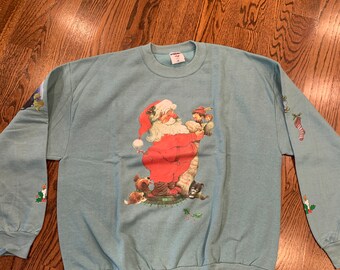 Vintage Jerzees Santa Claus Sweatshirt Pull Over - Size XL (NEW)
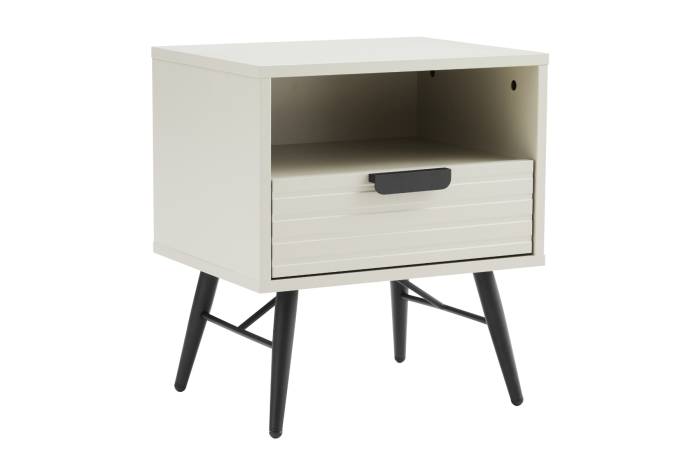 Malmo 1 Drawer Bedside Table - Pastel Grey
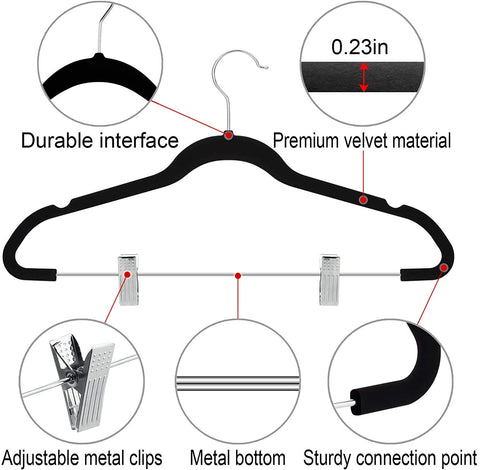TIMMY hanger with 360° rotating clip securing pants and skirts without creases.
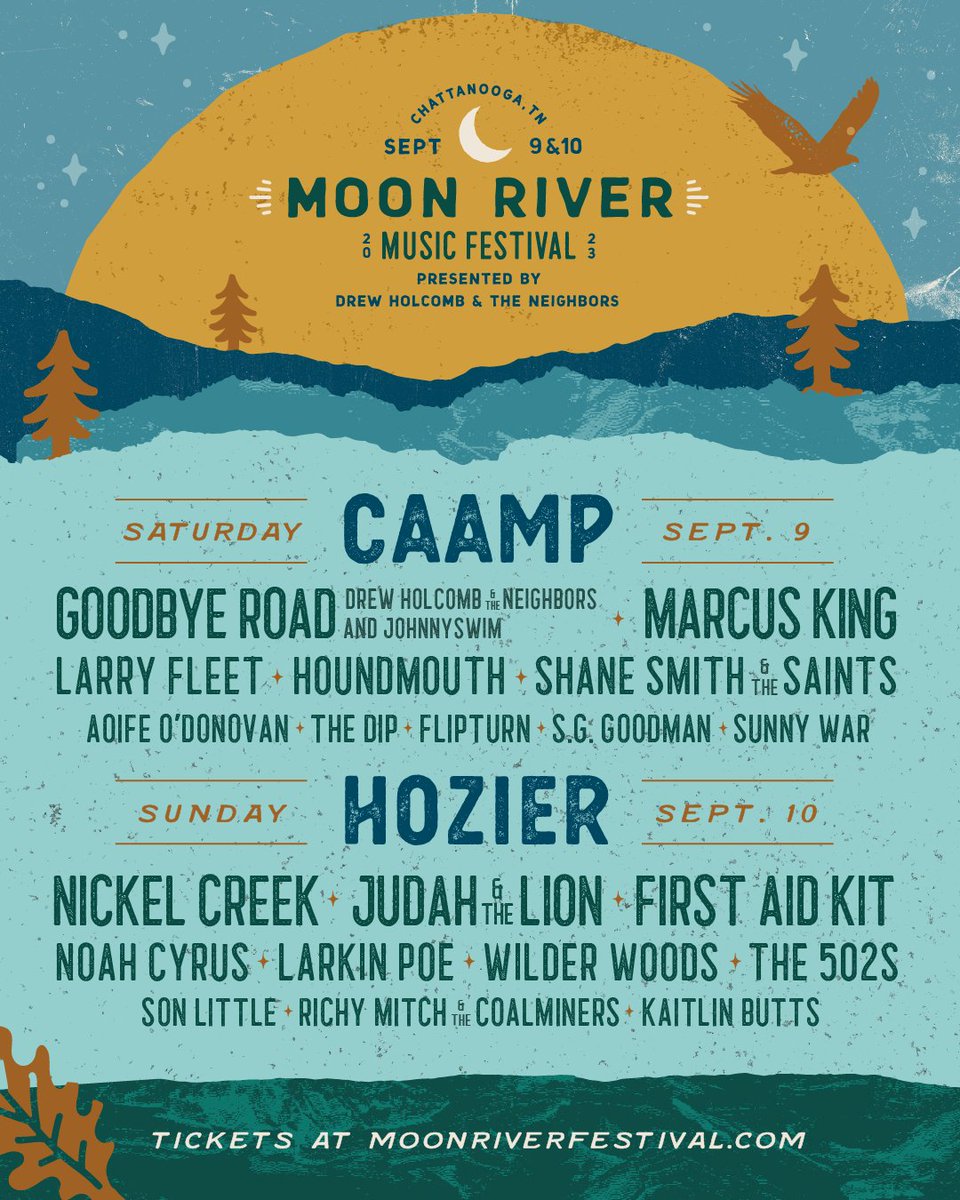 MoonRiverFest's tweet photo. Your 2023 #MoonRiverFest Lineup presented by @drewholcomb is here!

@Caamp @Hozier @realmarcusking &amp; more will join us for a weekend of unforgettable performances.

Presale begins Thurs. 2/23 @ Noon ET. Sign up for a presale code: https://t.co/PEKbwTPHS0 https://t.co/1sAvPgPlOk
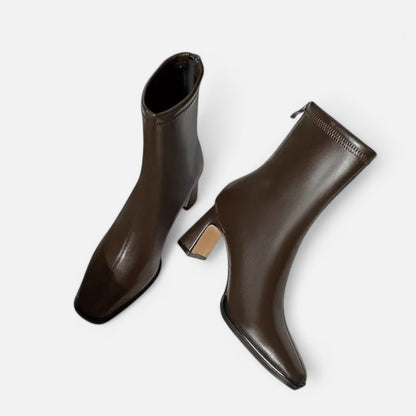 Vintage Stiefeletten mit quadratischer Spitze | Damen, stilvoll & wärmend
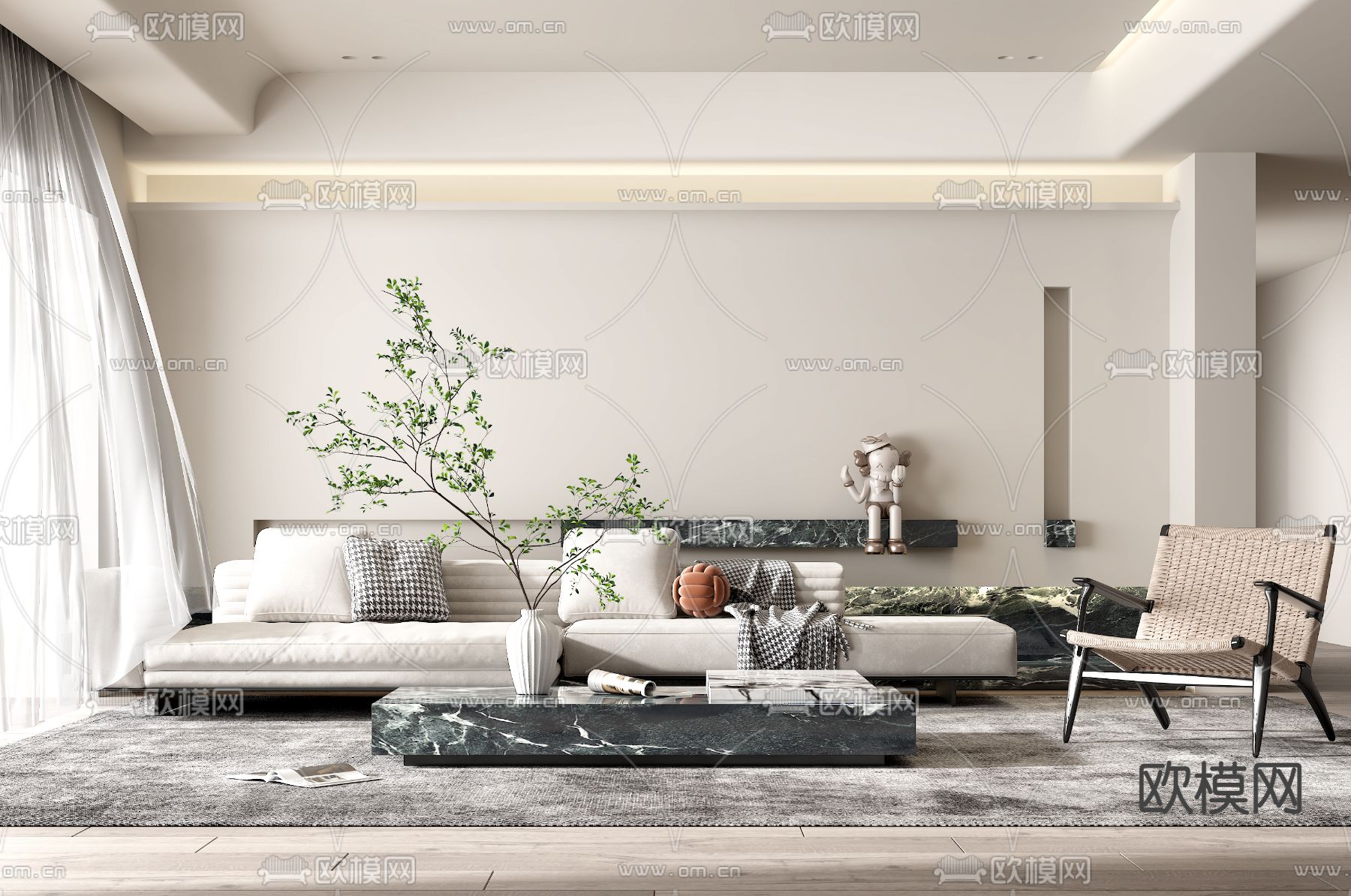 侘寂风客厅su模型下载（渲染图1）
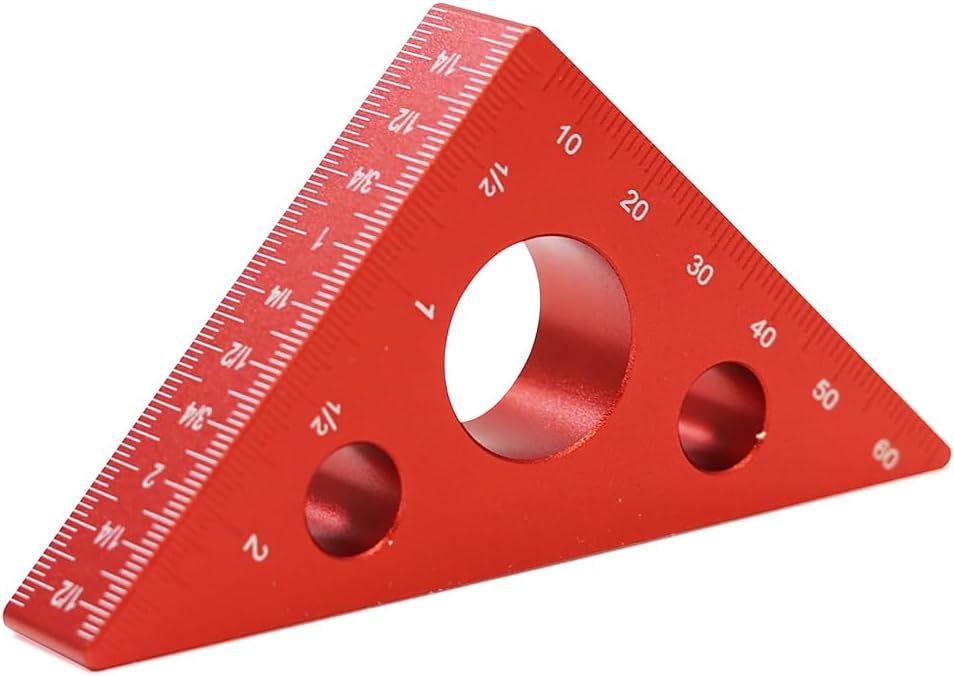 Regla triangular aluminio 45 grados 2.559pulg rojo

┄┄┄┄┄┄

• EXERCISE:
The answer must consist of the entries above, reproduced word for word, without any pictures.

• RESPONSE TO THE EXERCISE:
 Vintage Jerzees Santa Claus Sweatshirt Pull Over - Size XL (NEW)
 Malmo 1 Drawer Bedside Table - Pastel Grey
TIMMY hanger with 360° rotating clip securing pants and skirts without creases.
 MoonRiverFest's tweet photo. Your 2023 #MoonRiverFest Lineup presented by @drewholcomb is here!

@Caamp @Hozier @realmarcusking &amp; more will join us for a weekend of unforgettable performances.

Presale begins Thurs. 2/23 @ Noon ET. Sign up for a presale code: https://t.co/PEKbwTPHS0 https://t.co/1sAvPgPlOk
 Vintage Stiefeletten mit quadratischer Spitze | Damen, stilvoll & wärmend
 侘寂风客厅su模型下载（渲染图1）
 Regla triangular aluminio 45 grados 2.559pulg rojo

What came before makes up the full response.